Assis entre deux chaises, entre une ancienne coalition PS-cdH qui a mis en chantier une série de réformes depuis le début de la législature, et une nouvelle équipe MR-cdH bien décidée de marquer de ses couleurs les deux années qui lui sont données avant les élections, les ministres wallons peinent à prendre leurs marques. Il faut dire que la place qui leur est donnée est inconfortable. Héritant des socialistes de nombreux décret en troisième lecture - des textes quasiment aboutis - les ministres libéraux n’ont pas envie d’endosser le costume de presse bouton du PS. Mais en même temps, Willy Borsus, le nouveau ministre-président libéral de la Région refuse de s’ériger en "procureur du passé". Bref, on marche sur des œufs à l’Elysette.
Parmi les dossiers, la réforme du bail passait en troisième lecture au gouvernement jeudi et a donné lieux à quelques changements à la marge. Sur le fond, l’exécutif reste aligné aux grands principes de la réforme du contrat de bail d’habitation initiée par l’ancienne équipe. Les dispositions vont renforcer une série d’obligations pour les propriétaires et pour les locataires. On y trouve par exemple l’enregistrement obligatoire des baux ou, en cas de décès du locataire, la possibilité pour les héritiers de résilier le bail dans les trois mois du décès.
Des changements ont néanmoins été apportés par la ministre du Logement. Valérie De Bue (MR) les justifie par un souci de clarté et de sécurité juridique. "Dans son avis, le conseil d’État souhaitait un décret autonome et plus clair. Nous avons donc totalement réécrit le texte", qui repassera donc par la case conseil d’état et devant le gouvernement pour une quatrième lecture.
Voici ce qui va changer
Au final, un contrat-type à chaque bail sera défini. Il rassemblera une série de règles minimales obligatoires comme l’extension du droit commun aux baux d’habitation sur des biens meubles (containers, yourtes, cabanes, caravanes,…). Les droits et obligations du bailleur et du preneur seront rassemblés au sein de deux sections clairement identifiées pour l’ensemble des baux. Il sera aussi précisé l’interdiction de la sous-location ou de la cession de bail sans accord préalable du bailleur et l’obligation de réaliser un état des lieux d’entrée.

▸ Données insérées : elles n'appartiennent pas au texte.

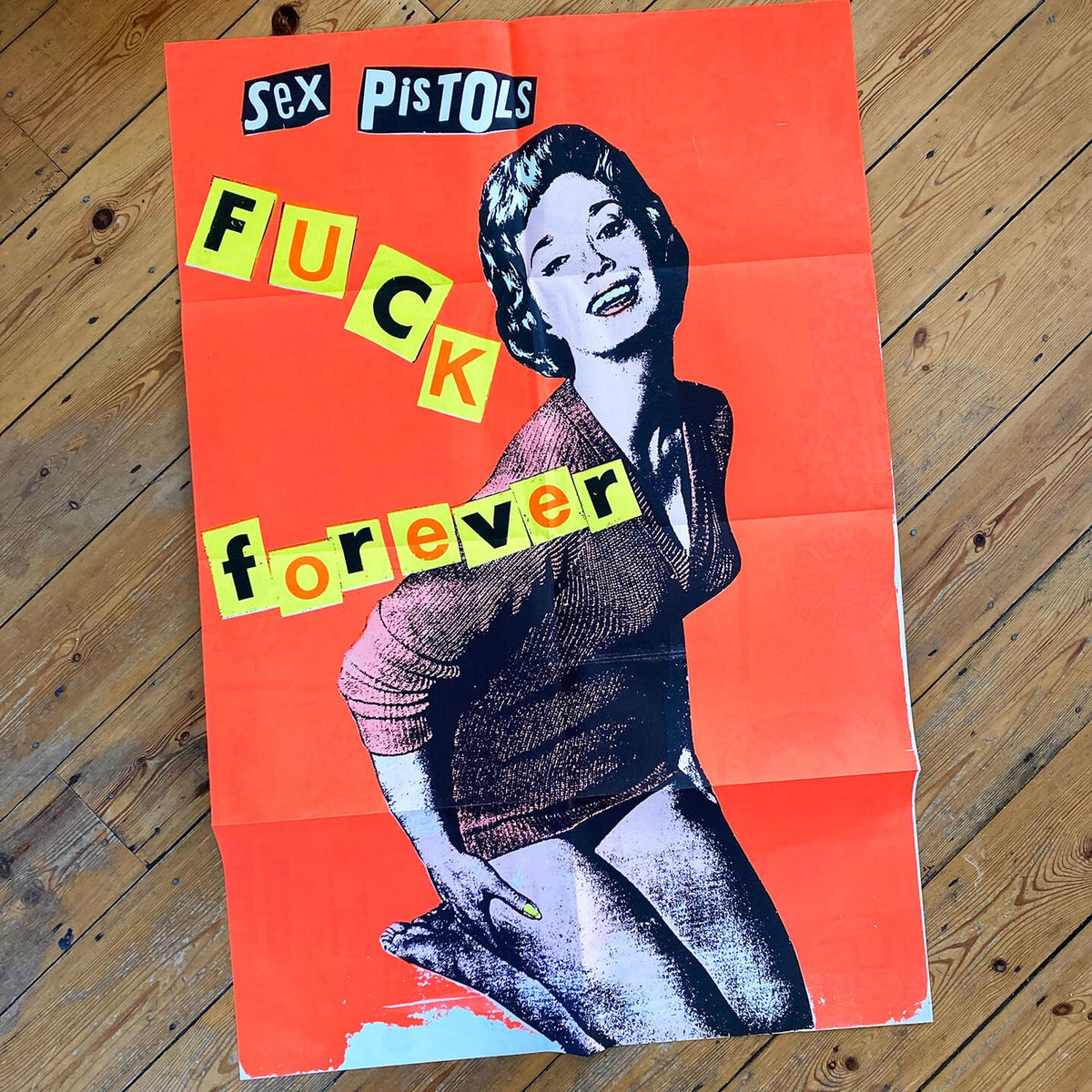 An image of the Jamie Reid artwork 'Fuck Forever', laid on a wooden floor. The artwork version has a red background, and lettering stating Sex Pistols Fuck Forever. 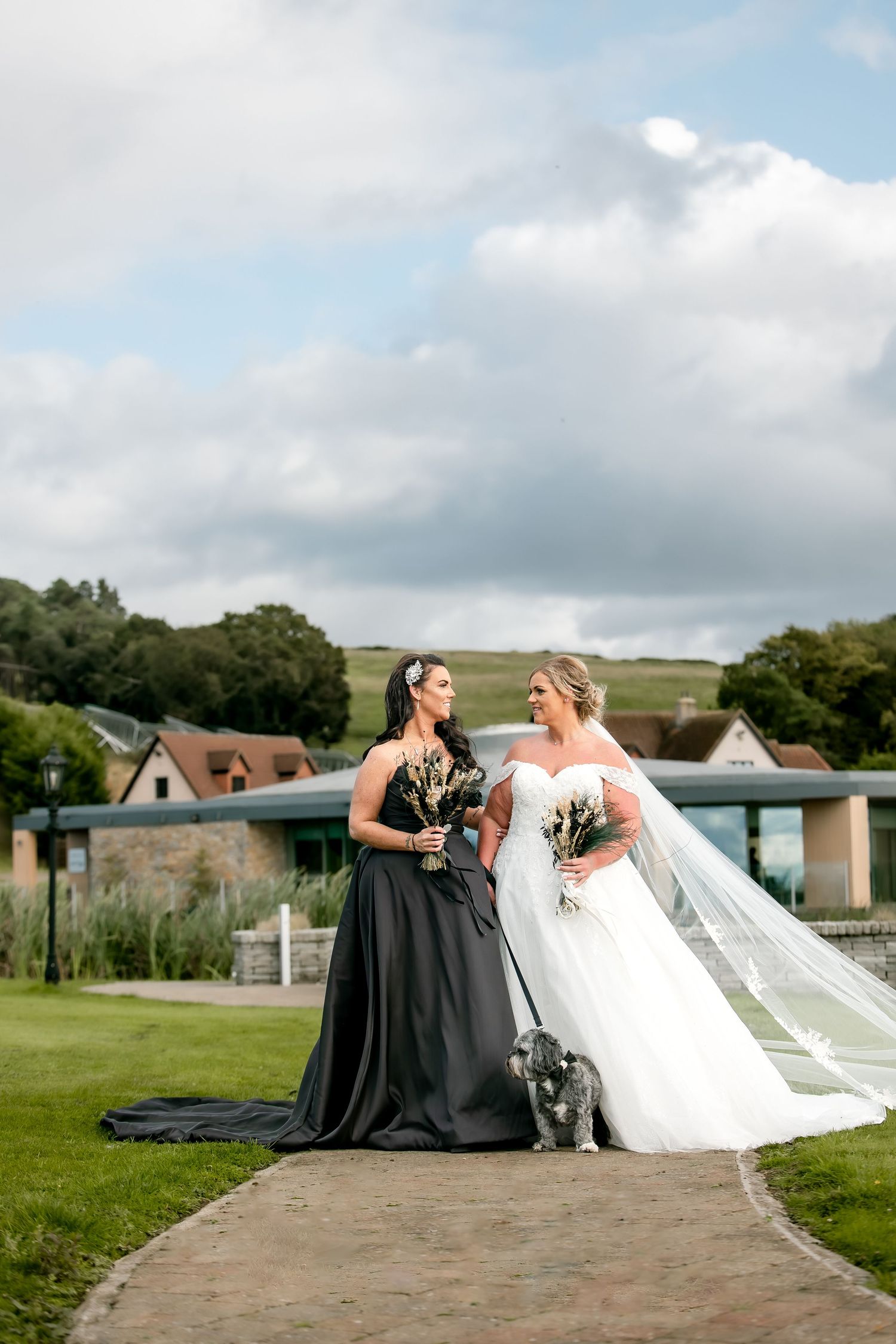 Wedding couple sitting together on stone steps with a scenic countryside backdrop. The Vu, Bathgate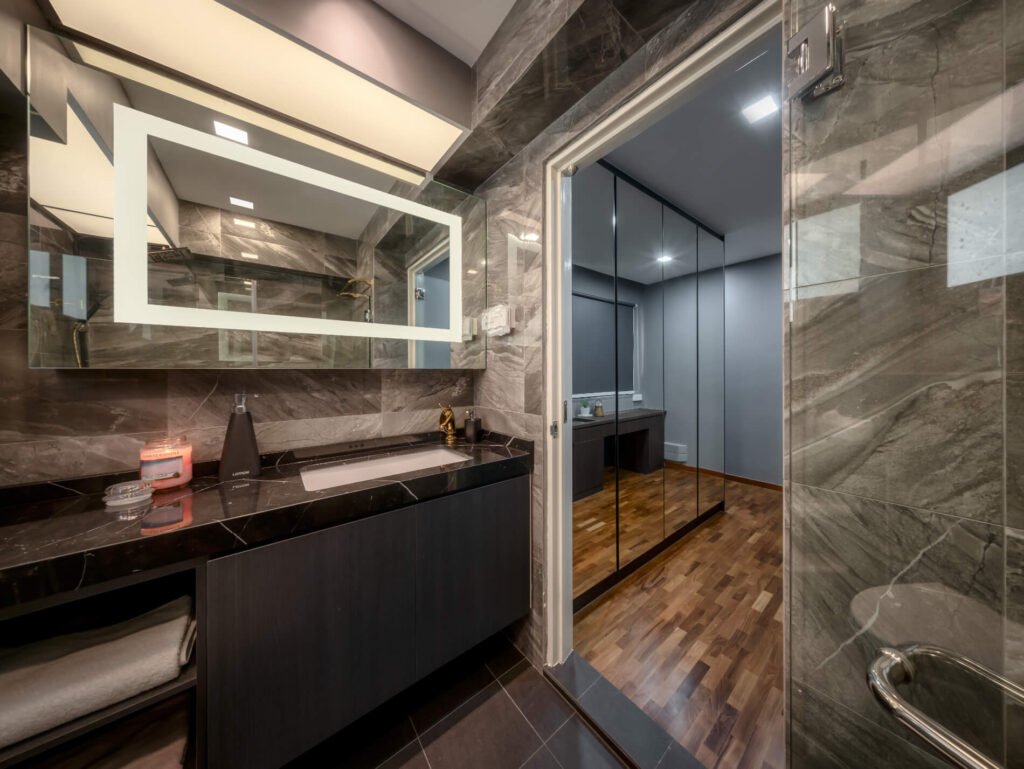 Master bathroom with grey marble-look tiles, black marble vanity top and gold fittings in a Pasir Ris 5-room HDB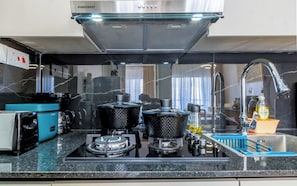 Una cocina con extractor de acero inoxidable, cafetera y dispensador de agua.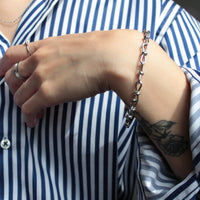 Person wearing a blue and white striped shirt with a handmade  bracelet and ring on a blurred background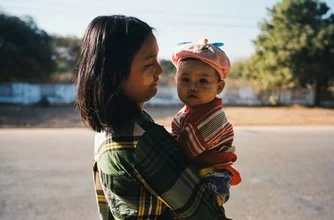 Photo art by Jim Delcid: mother with child in the serene landscape of Bagan, Myanmar.
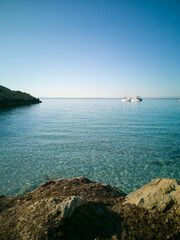 Cristal clear water and no people at the famous Cala Azzurra in Favignana, Italy. A perfect calm sunrise in this paradise island in the mediterranean sea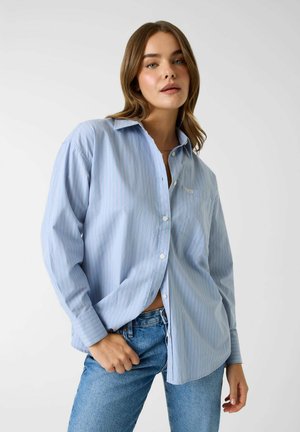 Giovane donna con capelli castano chiaro che indossa una camicia larga a righe azzurre e jeans blu su uno sfondo semplice.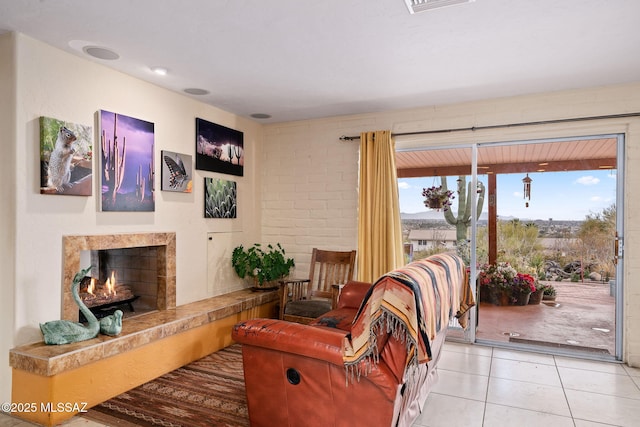 tiled living room featuring a high end fireplace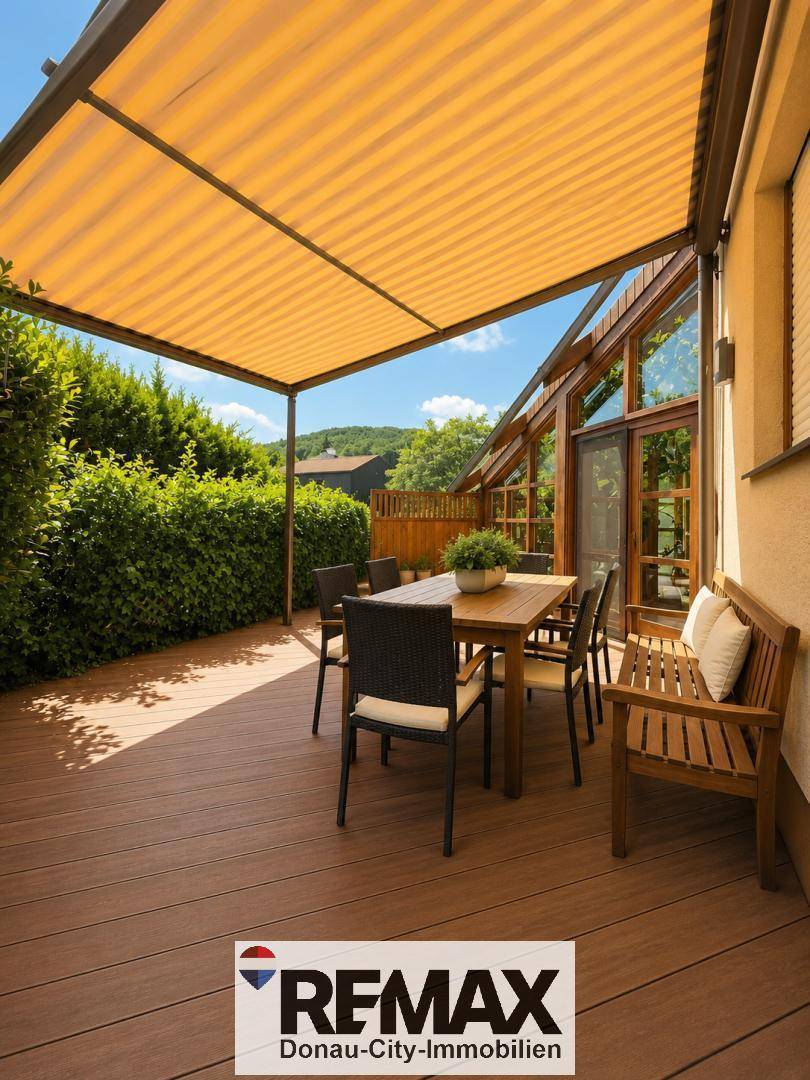 Überdachte Terrasse mit Holzboden, Esstisch und Stühlen, umgeben von grünen Hecken für Privatsphäre.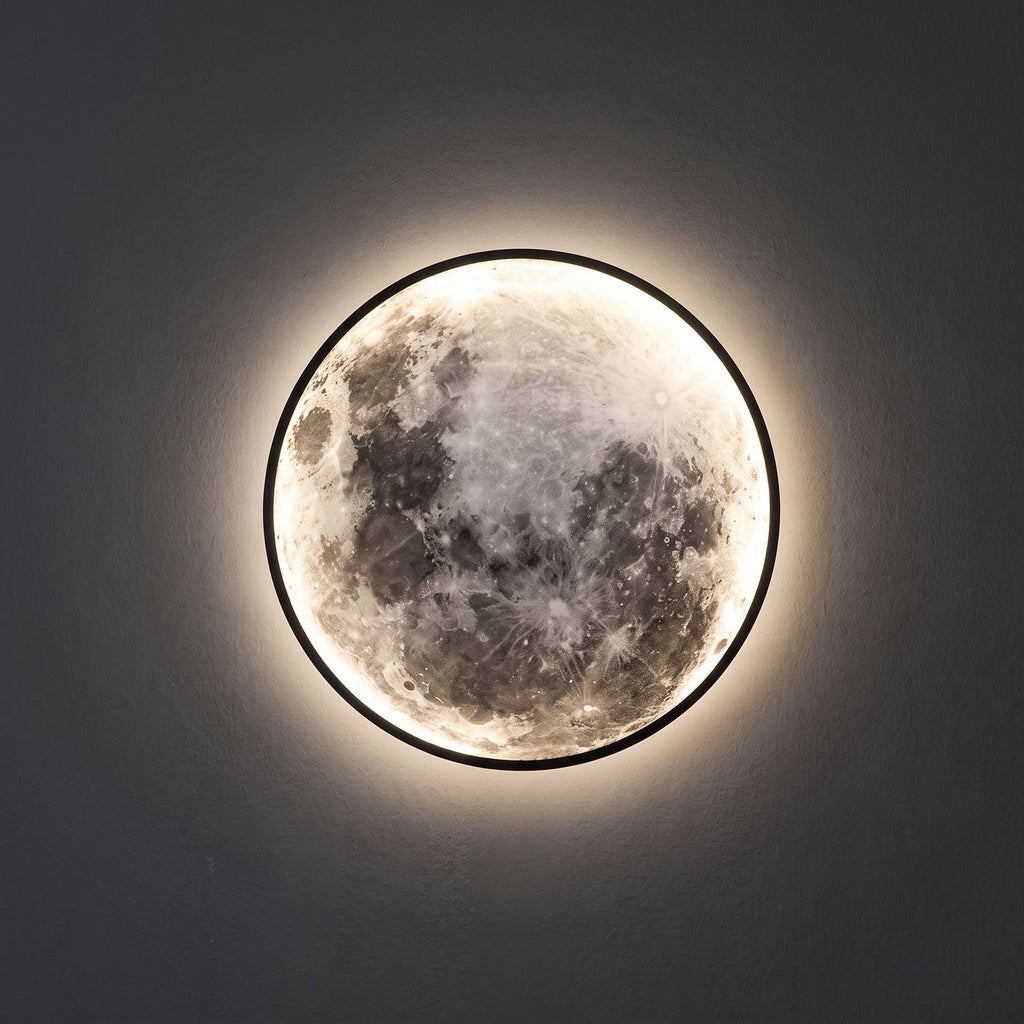 Round 3D Moon Black Frame LED Wall Light close view of the 3D moon face and the black metal ring, switched on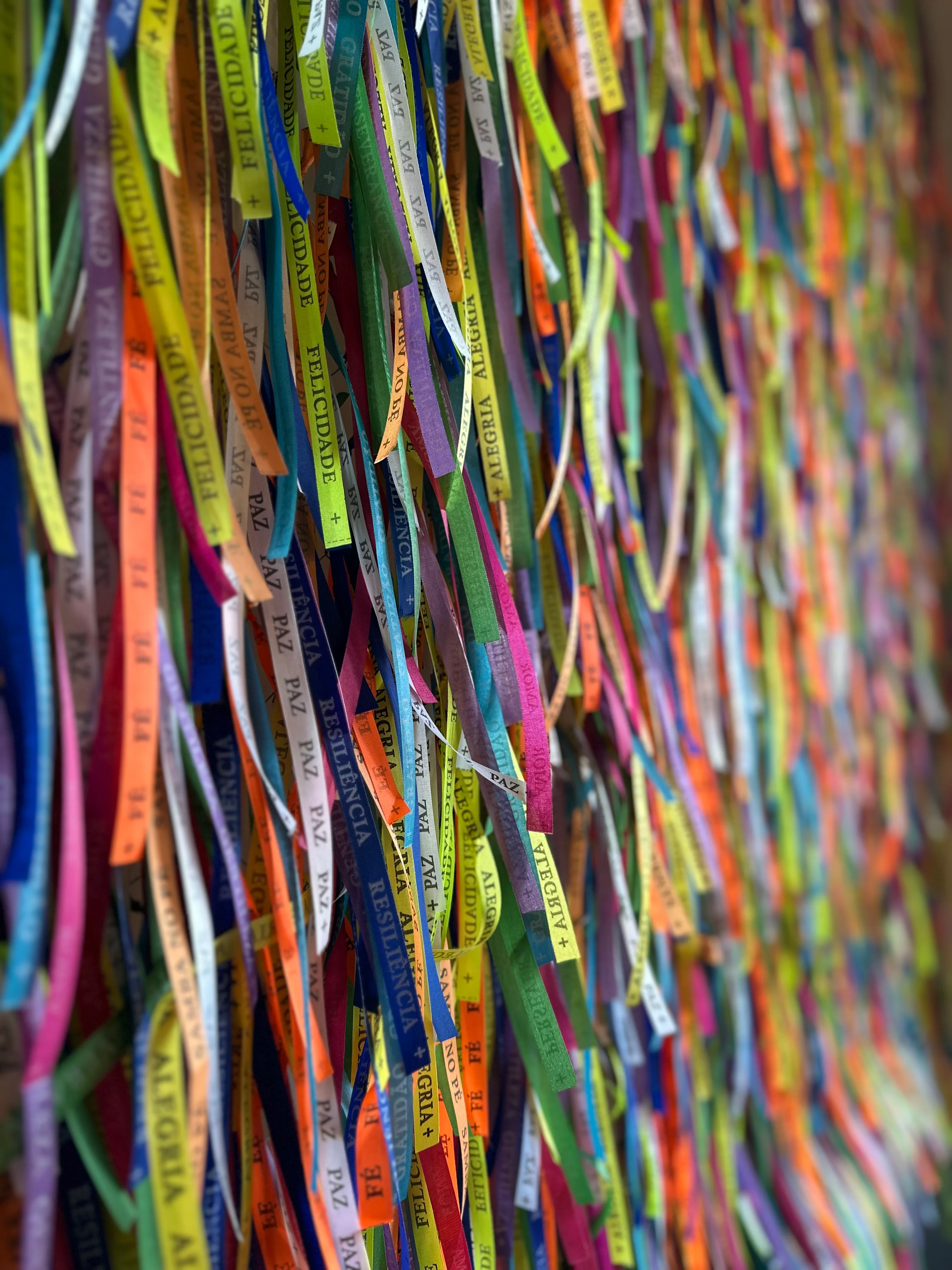 Colorful ribbons with positive messages hanging on a wall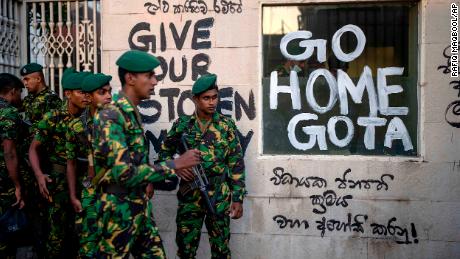 Sri Lankan Army soldiers patrol near the official residence of President Gotabaya Rajapaksa three days after it was stormed by anti-government protesters in Colombo.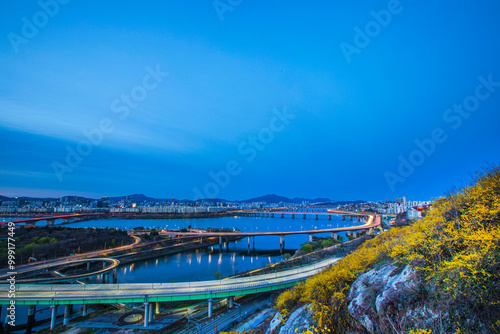 Eungbongsan Mt, Seongdong-gu, Seoul, South Korea - March 28, 2020: Aerial view of Jungnangcheon Creek with Yongbigyo Bridge and Dongbu Expressway on Han River at dawn with yellow forsythia flowers photo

La ministre a également apporté des améliorations sur le plan de la résidence principale des locataires avec l’harmonisation des délais de préavis de 3 mois pour le preneur et de 6 mois pour le bailleur. Le gouvernement s’est par ailleurs inspiré de Bruxelles en intégrant la possibilité de résiliation anticipée d’un bail de courte durée pour le preneur.
Deux régimes spécifiques sont aussi créés pour les baux d’étudiant et la colocation. C'est ainsi qu'en cours d'année, un préavis ne pourra plus être donné à partir du 15 mars. D'un côté, on évite de la sorte que des étudiants ne mettent fin anticipativement au bail, laissant le propriétaire sans locataire pour le reste de l'année. D'un autre, on évite l'effet pervers de voir le propriétaire augmenter le prix du loyer pour anticiper le risque d'être lâché par l'étudiant, a expliqué en substance la ministre. Exception pour la toute fin de bail: étudiant ou bailleur aura un mois de délai de préavis avant le 31 août. Enfin, le gouvernement ajoute une possibilité à celles déjà prévues pour que l'étudiant dispose d'un préavis de deux mois sans indemnité: le cas du décès d'un parent qui pourvoit à son entretien. Enfin, dans le volet colocation, la réforme imposera une solidarité des colocataires à l'égard du bailleur. “Une règle devra figurer dans le pacte de colocation.”
Le gouvernement a par ailleurs annoncé qu’il allait s’atteler à examiner le projet de grille indicative des loyers. Si l’idée n’est pas abandonnée, Valérie De Bue estime que les critères seront fortement revus. "Nous gardons le principe de cette grille mais nous allons revoir les critères dont certains sont idéologiques. Le projet actuel qui est en phase de test a tendance à pousser les loyers vers le haut. Nous allons corriger cela."